The transportation sector accounts for 28 percent of US greenhouse gas emissions. To reduce this contribution, local governments are increasingly promoting alternative forms of transportation by increasing public transit, bicycle infrastructure, and walkability between community assets. While having a walkable community can reduce emissions and mitigate climate change, climate change can also impact the walkability of communities.
Rising average temperatures will affect walkability in numerous ways. The increasing frequency and intensity of extreme heat events will impede the ability of residents to walk due to the risk of heat-related illness. The materials often used to build sidewalks, concrete, and asphalt, retain heat, making ambient air temperature in walkable areas hotter than they would be otherwise. Extreme heat also provides ideal conditions for air pollutants like ground-level ozone to form, which negatively impacts air quality. This reduction in air quality will make it difficult for people with asthma and other pre-existing conditions to spend time outdoors.

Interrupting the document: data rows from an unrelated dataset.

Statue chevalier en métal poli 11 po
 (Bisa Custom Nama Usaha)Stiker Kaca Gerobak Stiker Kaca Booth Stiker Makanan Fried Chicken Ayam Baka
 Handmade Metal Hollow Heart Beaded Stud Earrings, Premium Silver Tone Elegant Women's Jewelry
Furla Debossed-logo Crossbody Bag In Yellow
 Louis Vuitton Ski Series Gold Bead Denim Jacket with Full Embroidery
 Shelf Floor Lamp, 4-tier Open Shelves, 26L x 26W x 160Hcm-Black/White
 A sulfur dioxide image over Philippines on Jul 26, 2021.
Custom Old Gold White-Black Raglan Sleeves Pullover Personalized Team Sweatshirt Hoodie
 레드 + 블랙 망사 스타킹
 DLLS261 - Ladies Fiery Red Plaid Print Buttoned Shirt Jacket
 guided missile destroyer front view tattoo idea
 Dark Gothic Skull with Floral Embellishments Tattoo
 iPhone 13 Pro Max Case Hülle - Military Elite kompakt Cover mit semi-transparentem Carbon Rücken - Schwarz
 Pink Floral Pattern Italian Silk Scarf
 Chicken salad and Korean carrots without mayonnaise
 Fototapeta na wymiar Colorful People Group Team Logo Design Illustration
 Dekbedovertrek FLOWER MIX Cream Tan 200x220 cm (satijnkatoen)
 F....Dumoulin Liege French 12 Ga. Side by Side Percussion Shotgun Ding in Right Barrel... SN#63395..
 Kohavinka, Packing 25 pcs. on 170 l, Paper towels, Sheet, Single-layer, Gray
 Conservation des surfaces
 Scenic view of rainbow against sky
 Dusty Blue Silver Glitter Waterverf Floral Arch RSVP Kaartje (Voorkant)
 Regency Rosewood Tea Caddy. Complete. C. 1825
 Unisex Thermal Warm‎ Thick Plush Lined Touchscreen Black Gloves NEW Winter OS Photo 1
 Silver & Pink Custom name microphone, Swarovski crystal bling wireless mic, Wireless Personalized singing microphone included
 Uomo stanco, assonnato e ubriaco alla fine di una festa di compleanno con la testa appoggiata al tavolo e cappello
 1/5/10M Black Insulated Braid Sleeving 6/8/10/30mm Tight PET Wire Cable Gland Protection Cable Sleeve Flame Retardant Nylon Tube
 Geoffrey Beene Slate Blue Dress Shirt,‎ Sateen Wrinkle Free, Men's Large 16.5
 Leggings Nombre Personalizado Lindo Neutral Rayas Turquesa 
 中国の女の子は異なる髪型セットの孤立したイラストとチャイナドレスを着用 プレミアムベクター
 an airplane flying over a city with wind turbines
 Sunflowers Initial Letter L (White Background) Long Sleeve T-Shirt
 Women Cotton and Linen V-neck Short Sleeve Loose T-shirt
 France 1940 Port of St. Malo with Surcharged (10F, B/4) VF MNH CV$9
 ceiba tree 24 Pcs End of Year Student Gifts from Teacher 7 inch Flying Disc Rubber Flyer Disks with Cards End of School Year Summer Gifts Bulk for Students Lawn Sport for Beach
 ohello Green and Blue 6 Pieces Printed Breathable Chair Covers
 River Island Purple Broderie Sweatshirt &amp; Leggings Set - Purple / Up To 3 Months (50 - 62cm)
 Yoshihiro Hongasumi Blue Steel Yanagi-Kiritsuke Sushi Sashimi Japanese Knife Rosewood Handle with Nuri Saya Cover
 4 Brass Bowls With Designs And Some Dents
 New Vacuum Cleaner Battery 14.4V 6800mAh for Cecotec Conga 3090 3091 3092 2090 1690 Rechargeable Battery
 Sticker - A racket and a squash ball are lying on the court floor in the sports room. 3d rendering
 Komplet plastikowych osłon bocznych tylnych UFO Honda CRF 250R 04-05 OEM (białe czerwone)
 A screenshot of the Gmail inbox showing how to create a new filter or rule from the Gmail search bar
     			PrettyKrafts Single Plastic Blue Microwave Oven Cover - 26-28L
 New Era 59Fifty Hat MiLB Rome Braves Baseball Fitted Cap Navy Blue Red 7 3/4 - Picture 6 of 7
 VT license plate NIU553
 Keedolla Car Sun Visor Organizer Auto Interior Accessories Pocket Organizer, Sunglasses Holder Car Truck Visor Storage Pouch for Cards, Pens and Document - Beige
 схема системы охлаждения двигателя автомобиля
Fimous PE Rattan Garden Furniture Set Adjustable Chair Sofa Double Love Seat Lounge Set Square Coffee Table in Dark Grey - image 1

While warmer winters may extend the length of walkable weather, many areas in the US, including in the Midwest, will experience more freeze-thaw events. The increased frequency of water permeating cracks in pavement then expanding once frozen can damage sidewalks and reduce walkability if regular repairs are not made.
Increased precipitation and flood events are becoming more frequent and intense across the Midwest. Without proper drainage infrastructure built to handle increasing volumes of precipitation, sidewalks and other pathways could be frequently flooded or damaged.
While improving walkability has the potential to reduce greenhouse gas emissions, the public health and infrastructure impacts of climate change can reduce walkability unless preventive measures are incorporated in the design of walkable infrastructure.